- Title card
- Directed by: Ben Hardaway Emery Hawkins
- Story by: Milt Schaffer
- Produced by: Walter Lantz
- Starring: June Foray Dorothy Lloyd (both unc.)
- Music by: Darrell Calker
- Animation by: Lester Kline
- Production company: Walter Lantz Productions
- Distributed by: Universal Pictures
- Release date: March 22, 1943;
- Running time: 7 minutes
- Language: English

= The Egg Cracker Suite =

The Egg Cracker Suite is a 1943 Easter-themed animated short produced by Walter Lantz, co-directed by Ben Hardaway and Emery Hawkins (also a character designer) and animated by Les Kline (solely credited as Lester Kline), Laverne Harding and Paul J. Smith (both uncredited) that features a redesigned Oswald the Lucky Rabbit. This is the last animated short to feature Oswald until Get a Horse! in 2013.

== Plot ==
Oswald leads a line of rabbits, anchored by a small brown bunny, into Bunnyville, where they are to ready Easter baskets for the holiday. He enters one tree, which is a hen house dubbed "Egg Plant No. 1", and conducts them in a symphony to get them to lay eggs. Outside, each rabbit in the line gets an egg. Oswald finishes the symphony getting the lone ostrich to lay her huge egg, which as luck would have it, the small brown bunny winds up with.

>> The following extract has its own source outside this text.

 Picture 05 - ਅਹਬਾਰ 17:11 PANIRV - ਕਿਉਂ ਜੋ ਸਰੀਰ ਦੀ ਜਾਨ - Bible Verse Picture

The rest of the cartoon involves the creation of the Easter baskets. One rabbit hard boils the eggs, finds one spoiled, and rings for it to be taken away by the health department truck. The next scene shows rabbits making egg dye with plant and flower leaves. In the next scene, one rabbit is painting designs on eggs, but one egg hatches as he is painting it. He paints the chick instead, which causes the chick to yell in a fast chipmunk voice and paint the rabbit's face in retaliation.

The subsequent scene revisits the small brown bunny with the ostrich egg. Cheerfully pushing it toward a large vat of egg dye, the bunny struggles to push it up and over the plank. He tries running back to get more momentum, but when the egg falls into the vat, the plank collapses and the bunny crashes into the vat's side.

Next, rabbits are carrying baskets on wheelbarrows to first be filled with grass, then one egg surrounded by candy eggs, then each topped with a blue bow. They then take them to Bunnyville Airport where they are loaded into planes resembling B-18 bombers. As they ready for takeoff, the small brown bunny is shown running with the ostrich egg towards a plane, but the egg hatches before he can get there and the newborn ostrich that came out picks him up and throws him into a plane.

The planes take off one by one and are seen flying in formation when they open their bomb bay doors and drop the baskets all over the country. The bows open up like parachutes to slow their fall. The final scene is an apparently empty basket falling, but the brown bunny pops up and looks down initially horrified, but then his bow opens up and he relaxes then he waves to all of the viewers as the cartoon ends.